▶ Work required
When you transcribe the listing that follows, keep every line exact and omit the pictures.

▶ Given material
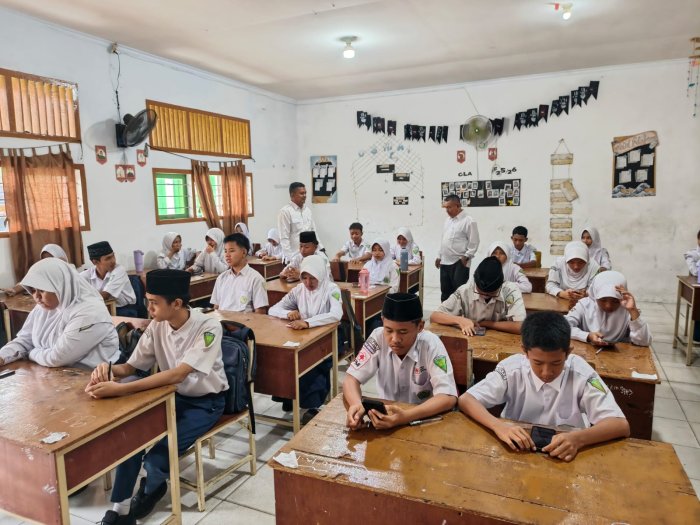 Tinjau Langsung Pelaksanaan ASAT, Plt. Kepala Madrasah Minta Siswa Jaga Integritas Tinjau Langsung Pelaksanaan ASAT, Plt. Kepala Madrasah Minta Siswa Jaga Integritas
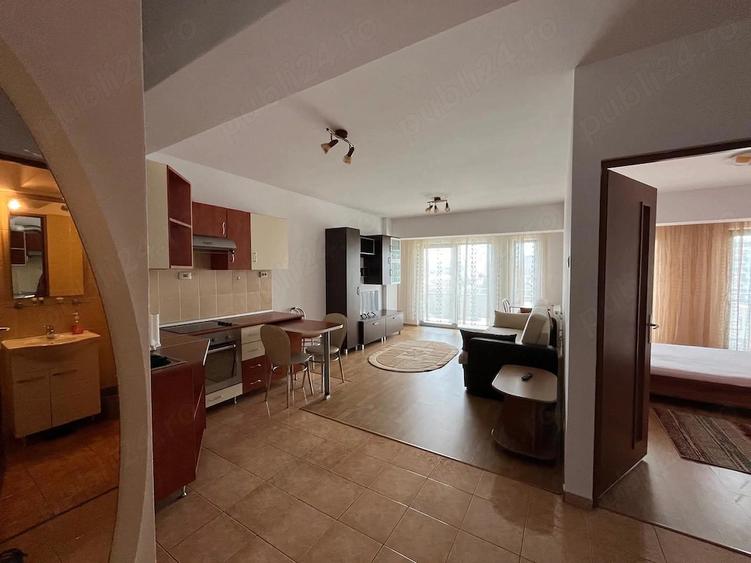 Apartament cu 2 camere semidecomandat în Central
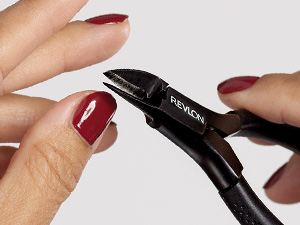 Revlon Comfort and Control Nail Nipper, Easy to Use Trimmer for Manicures, 1 Count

▶ Solution below
 Tinjau Langsung Pelaksanaan ASAT, Plt. Kepala Madrasah Minta Siswa Jaga Integritas Tinjau Langsung Pelaksanaan ASAT, Plt. Kepala Madrasah Minta Siswa Jaga Integritas
 Apartament cu 2 camere semidecomandat în Central
 Revlon Comfort and Control Nail Nipper, Easy to Use Trimmer for Manicures, 1 Count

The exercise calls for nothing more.